Denver, CO asked in Criminal Law and Domestic Violence for Minnesota

Q: how to get a conviction thrown out if the judge bipassed evidence and used a dead person as a witness

the judge used a dead person as a witness in a criminal domestic trial is that lawful and also I thought they have to prove beyond a reasonable doubt they took hearsay of my baby mom and the doctor said there were no signs of strangulation the police said the something and she also contradicted what she said in the police report as well as admitted to hitting me in the head with a baseball bat stabbing me a tazer was found as well as broken glass and I was found guilty I want this conviction overturned

3 Lawyer Answers
Jonathan Matthew Holson
Jonathan Matthew Holson
Answered
  • Criminal Law Lawyer
  • Rogers, MN
  • Licensed in Minnesota

A: There is no way to answer this question given the information in this question. I understand that this is your recitation of what occurred in the trial. I presume that the county attorney would view things much differently. The only way to assess the legitimacy of your conviction would be to review a transcript of the trial and review whether there were legal errors that occurred during the trial.

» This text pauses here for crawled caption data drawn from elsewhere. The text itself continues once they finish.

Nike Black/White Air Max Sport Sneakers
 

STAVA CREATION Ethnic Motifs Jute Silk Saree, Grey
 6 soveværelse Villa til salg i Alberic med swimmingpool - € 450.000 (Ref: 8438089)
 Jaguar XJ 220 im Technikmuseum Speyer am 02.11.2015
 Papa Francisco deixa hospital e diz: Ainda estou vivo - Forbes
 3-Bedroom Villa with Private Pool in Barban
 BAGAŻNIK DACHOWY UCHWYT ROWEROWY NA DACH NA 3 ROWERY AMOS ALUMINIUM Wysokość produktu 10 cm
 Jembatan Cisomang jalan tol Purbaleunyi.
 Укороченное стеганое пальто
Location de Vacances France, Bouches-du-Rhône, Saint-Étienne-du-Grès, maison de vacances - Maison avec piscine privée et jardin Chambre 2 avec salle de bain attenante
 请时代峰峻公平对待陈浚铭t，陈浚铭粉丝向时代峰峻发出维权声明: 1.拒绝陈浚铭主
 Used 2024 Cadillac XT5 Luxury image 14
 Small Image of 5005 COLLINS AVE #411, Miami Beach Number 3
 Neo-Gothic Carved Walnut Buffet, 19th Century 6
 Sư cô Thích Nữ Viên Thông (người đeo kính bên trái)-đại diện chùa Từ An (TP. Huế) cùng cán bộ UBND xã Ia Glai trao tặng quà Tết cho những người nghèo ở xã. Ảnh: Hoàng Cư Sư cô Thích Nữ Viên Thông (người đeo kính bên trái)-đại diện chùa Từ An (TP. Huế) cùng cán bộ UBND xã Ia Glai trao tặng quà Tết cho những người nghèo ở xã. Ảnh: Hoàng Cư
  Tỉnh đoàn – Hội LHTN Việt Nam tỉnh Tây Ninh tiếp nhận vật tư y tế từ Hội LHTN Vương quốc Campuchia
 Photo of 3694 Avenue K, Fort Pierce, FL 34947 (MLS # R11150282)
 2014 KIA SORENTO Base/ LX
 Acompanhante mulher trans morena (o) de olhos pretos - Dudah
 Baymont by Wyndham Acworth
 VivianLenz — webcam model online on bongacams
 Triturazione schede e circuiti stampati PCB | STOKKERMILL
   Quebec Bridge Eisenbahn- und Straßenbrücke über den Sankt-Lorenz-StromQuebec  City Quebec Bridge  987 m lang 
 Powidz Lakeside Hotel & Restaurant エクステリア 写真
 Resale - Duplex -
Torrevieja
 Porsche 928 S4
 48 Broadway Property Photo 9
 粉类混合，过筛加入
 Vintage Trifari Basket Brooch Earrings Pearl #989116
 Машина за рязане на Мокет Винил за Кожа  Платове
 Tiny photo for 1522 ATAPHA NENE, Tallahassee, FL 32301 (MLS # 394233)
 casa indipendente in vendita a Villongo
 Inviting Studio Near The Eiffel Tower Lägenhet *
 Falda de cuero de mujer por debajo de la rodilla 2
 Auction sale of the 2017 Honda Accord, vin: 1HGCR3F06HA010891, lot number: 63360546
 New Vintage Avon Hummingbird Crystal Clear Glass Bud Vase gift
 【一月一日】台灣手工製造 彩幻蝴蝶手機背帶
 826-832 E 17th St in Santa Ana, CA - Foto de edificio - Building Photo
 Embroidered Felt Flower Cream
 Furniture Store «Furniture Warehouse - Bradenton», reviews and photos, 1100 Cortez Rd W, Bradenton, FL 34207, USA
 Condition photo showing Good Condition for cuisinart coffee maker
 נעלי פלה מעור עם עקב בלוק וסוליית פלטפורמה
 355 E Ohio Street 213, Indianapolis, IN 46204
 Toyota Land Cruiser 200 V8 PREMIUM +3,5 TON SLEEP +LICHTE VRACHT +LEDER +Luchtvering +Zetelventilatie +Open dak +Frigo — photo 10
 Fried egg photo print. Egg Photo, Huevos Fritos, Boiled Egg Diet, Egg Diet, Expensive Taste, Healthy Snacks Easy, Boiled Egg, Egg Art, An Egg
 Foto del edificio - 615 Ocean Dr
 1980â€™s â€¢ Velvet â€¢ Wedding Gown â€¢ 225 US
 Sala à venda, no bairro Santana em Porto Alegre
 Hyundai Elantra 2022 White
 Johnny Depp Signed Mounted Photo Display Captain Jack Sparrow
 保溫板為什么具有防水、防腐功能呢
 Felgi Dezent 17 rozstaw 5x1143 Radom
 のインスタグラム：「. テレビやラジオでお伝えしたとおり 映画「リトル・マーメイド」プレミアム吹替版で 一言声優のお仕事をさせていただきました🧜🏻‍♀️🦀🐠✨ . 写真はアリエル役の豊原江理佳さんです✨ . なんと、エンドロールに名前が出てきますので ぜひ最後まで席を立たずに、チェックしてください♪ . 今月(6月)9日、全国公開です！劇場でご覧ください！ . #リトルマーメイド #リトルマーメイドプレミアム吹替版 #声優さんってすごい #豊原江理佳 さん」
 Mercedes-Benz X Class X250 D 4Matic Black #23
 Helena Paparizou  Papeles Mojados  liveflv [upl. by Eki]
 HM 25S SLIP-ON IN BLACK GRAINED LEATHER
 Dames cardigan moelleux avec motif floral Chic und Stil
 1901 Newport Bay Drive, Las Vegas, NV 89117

You would have to hire counsel to review the transcript and pay for the trial transcript as well to get an accurate assessment of whether the conviction can be reversed or not.

William Bailey
William Bailey
Answered
  • Criminal Law Lawyer
  • Bloomington, MN
  • Licensed in Minnesota

A: You would need to pursue and appeal or post conviction relief. An attorney would need to review transcripts from the trial court to know whether there is any chance of success.

Thomas C Gallagher
Thomas C Gallagher
Answered
  • Criminal Law Lawyer
  • Minneapolis, MN
  • Licensed in Minnesota

A: The questions about trial errors would require a review of the trial transcript. That's just not possible here. Contact a criminal defense attorney who regularly does post-conviction work. And do it soon, because there are short deadlines for appeal and other post-conviction relief. If you can't afford a private post-conviction attorney, be sure to contact the Appellate Public Defender's Office, ASAP.